In 2003, already an older father, National Book Award–winning novelist Tim O’Brien resolved to give his young sons what he wished his own father had given to him—a few scraps of paper signed “Love, Dad.” Maybe a word of advice. Maybe a sentence or two about some long-ago Christmas Eve. Maybe some scattered glimpses of their rapidly aging father, a man they might never really know. For the next fifteen years, the author talked to his sons on paper, as if they were adults, imagining what they might want to hear from a father who was no longer among the living.
O’Brien traverses the great variety of human experience and emotion, moving from soccer games to warfare to risqué lullabies, from alcoholism to magic shows to history lessons to bittersweet bedtime stories, but always returning to a father’s soul-saving love for his sons.
The result is Dad’s Maybe Book, a funny, tender, wise, and enduring literary achievement that will squeeze the reader’s heart with joy and recognition.
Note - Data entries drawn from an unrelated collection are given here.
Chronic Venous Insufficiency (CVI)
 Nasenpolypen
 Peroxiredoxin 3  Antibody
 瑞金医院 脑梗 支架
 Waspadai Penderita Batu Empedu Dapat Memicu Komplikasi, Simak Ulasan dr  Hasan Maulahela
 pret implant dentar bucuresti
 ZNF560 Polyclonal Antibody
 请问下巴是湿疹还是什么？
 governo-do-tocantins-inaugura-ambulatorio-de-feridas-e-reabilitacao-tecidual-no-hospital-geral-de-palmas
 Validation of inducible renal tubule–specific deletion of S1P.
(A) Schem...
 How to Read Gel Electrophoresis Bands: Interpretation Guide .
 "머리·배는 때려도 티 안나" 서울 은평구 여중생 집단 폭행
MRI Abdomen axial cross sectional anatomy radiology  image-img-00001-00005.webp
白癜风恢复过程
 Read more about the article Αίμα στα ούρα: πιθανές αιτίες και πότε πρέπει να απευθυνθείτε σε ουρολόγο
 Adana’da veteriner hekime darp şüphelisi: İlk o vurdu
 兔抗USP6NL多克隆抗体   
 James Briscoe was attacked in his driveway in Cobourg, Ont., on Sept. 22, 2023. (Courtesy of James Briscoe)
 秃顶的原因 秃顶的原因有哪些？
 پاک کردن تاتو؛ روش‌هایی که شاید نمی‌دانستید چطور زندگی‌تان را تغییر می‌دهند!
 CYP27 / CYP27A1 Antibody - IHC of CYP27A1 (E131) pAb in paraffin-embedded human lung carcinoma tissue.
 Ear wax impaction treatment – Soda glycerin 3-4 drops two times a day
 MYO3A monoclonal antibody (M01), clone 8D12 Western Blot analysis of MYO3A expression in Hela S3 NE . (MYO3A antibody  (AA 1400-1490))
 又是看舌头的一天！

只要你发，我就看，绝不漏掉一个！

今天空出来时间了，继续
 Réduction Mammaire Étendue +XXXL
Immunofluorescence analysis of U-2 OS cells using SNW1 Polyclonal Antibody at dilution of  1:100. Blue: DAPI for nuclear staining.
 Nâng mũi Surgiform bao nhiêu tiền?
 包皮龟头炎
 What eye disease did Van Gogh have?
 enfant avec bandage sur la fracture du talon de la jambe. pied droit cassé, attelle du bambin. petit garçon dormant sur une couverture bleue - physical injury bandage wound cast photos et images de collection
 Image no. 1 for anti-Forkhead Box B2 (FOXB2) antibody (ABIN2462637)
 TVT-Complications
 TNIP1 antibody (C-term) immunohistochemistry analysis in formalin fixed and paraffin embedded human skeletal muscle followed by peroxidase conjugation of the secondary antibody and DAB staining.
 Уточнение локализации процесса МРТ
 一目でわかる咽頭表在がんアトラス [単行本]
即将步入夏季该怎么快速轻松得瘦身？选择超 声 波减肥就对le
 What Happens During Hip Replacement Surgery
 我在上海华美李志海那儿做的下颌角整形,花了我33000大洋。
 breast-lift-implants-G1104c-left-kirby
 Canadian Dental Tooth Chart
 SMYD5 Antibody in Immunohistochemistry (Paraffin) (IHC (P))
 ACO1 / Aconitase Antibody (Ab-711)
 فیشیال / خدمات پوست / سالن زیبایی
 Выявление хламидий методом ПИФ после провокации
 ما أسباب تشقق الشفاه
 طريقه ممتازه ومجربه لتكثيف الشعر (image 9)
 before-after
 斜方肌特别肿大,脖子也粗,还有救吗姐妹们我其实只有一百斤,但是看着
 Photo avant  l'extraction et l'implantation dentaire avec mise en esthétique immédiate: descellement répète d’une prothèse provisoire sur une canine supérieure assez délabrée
This tender memoir begins in 2003, when 58-year-old novelist O'Brien (The Things They Carried) has a one-year-old son and another one on the way. In the format of letters to his sons, he shares the joys of fatherhood, which are muted by the prospect that his children may know him only as an old man or not know him at all ("Life is fragile. Hearts go still"). For the next 15 years, with the ashes of his father in an urn on his bookcase, O'Brien writes for his children what he wished his father had left him: "Some scraps of paper signed Love Dad'." O'Brien covers nights of colic, basketball games, and homework battles, but this is not a compendium of cute witticisms. He taps into the dark corners of his mind, sharing an analysis of, say, the parallels between the Battle of Lexington and Concord in 1775 and his 1969 tour of duty in Vietnam's Quang Ngai Province. He then presents a well-reasoned argument for replacing the word "war" with the phrase "killing people, including children," and war's impact on culture. O'Brien concludes with a humorous, moving letter of instruction for his 100th birthday. With great candor, O'Brien succeeds in conveying the urgency parents may feel at any age, as they ready their children for life without them.